Hey, you know what would be a totally fun, parallel universe-version of justice? If your victims were punished for your wrongdoings and crimes towards them!
Oh wait, nope – already happens in this universe. (But that’s a rant for another publication-)
Anyway, this concept was explored in Hell Raisers. We were introduced to some exposition in the form of a short clip, wherein a series of murders seem to have taken place.
The murderer and his victims wake up in what seems like hell – except, the victims are the ones who appear to be caged, not the murderer. It was quite hard to piece together the plot from all the panicky, scream-y dialogue (half of which was in Mandarin, to our confusion). But what became clear was a) when the victims sincerely forgave the murderer, they were let free, b) the murderer was trying to make them forgive him, to save themselves, and c) there was a time limit to escape, or else Consequences (i.e. mauled by hellbeast).
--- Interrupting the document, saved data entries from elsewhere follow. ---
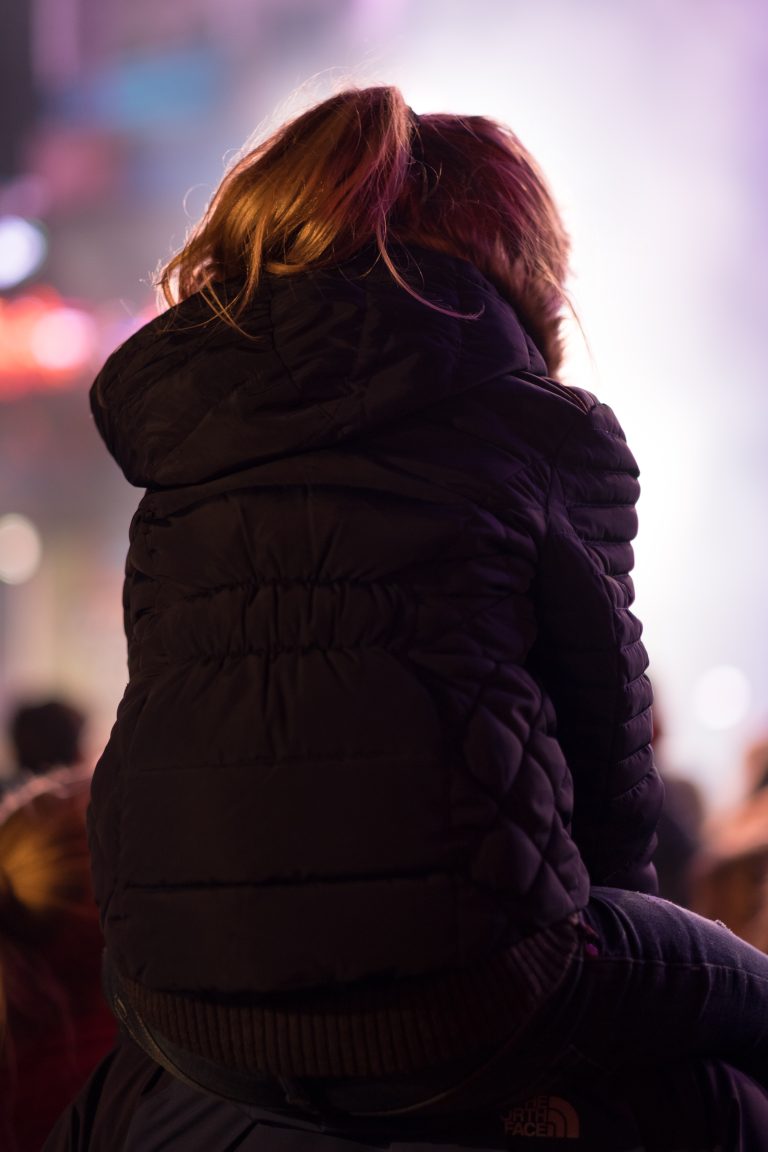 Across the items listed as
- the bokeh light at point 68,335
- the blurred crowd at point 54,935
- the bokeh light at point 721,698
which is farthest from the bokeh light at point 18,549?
the blurred crowd at point 54,935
There are good questions to be explored and analogies to be made here, namely about forgiveness and psychological well-being, but they’re overshadowed by more plotty questions, such as: why did the murderer try so hard to save them, if he killed them in the first place? Why reverse justice? What were they saying in Mandarin? – we feel so left out!
The Past is The Past (Dicky Kam, Zainal Bostaman, Coco Lee, Nurfarzana Adelin)
The show comes full circle here, as they attempt to address the question posed by the first playlet: what do their futures hold, in view of their past experiences? This playlet paints the internal and external conflicts they put themselves through for the sake of their passions.
Three talents and a stage manager meet in a green room before an audition (a scenario that will probably be the actors’ realities). They trade teases, witty quips and life stories – the last of which, details a boy overcoming his fear of public speaking, a girl reliving her father’s disdain of her, and another boy struggling to improve in dancing. The monologues were delivered with such poignancy that one would not be surprised if they were rooted in some personal truth.
As for the final, cutaway dance scene –
The playlet, with its playful, comedic tone, was a refreshing dessert to all the heavy entrees which preceded it. Despite its lightheartedness, the message was not delivered with any less weight.
After the show, we hung around a bit to get a feel for the general response to the show. Family members could be seen proudly taking photos with their children who shined bright that night. An audience member let us know that his favourite of the playlets had been “What If?” citing that it was thought-provoking and funny.
Rozanne Ting, who played the doppleganger to Puteri in Who’s Da Best Now agreed to a mini interview with us, letting us know that they had indeed, only had 7 weeks to put together the entire show and that this was both the first, and last time they would be performing as part of their diploma program. The seven playlets and dance were entirely written and choreographed by the students, including sound and lighting cues which of course provided a huge challenge for the first timers.
When asked if she has a favourite, Rozanne loyally responded, “not really, everyone was great”.
We’ll have to agree on that. Despite any flaws in the script and stories themselves, there’s no denying that all the actors put themselves out there 100%. The dancers may not have had the training to execute each routine to perfection, but what they lacked in control they made up with enthusiasm. Each line of script could be heard clearly and each story held its appeal. All in all, it was an enjoyable two hour show and we look forward to seeing more from these future stars.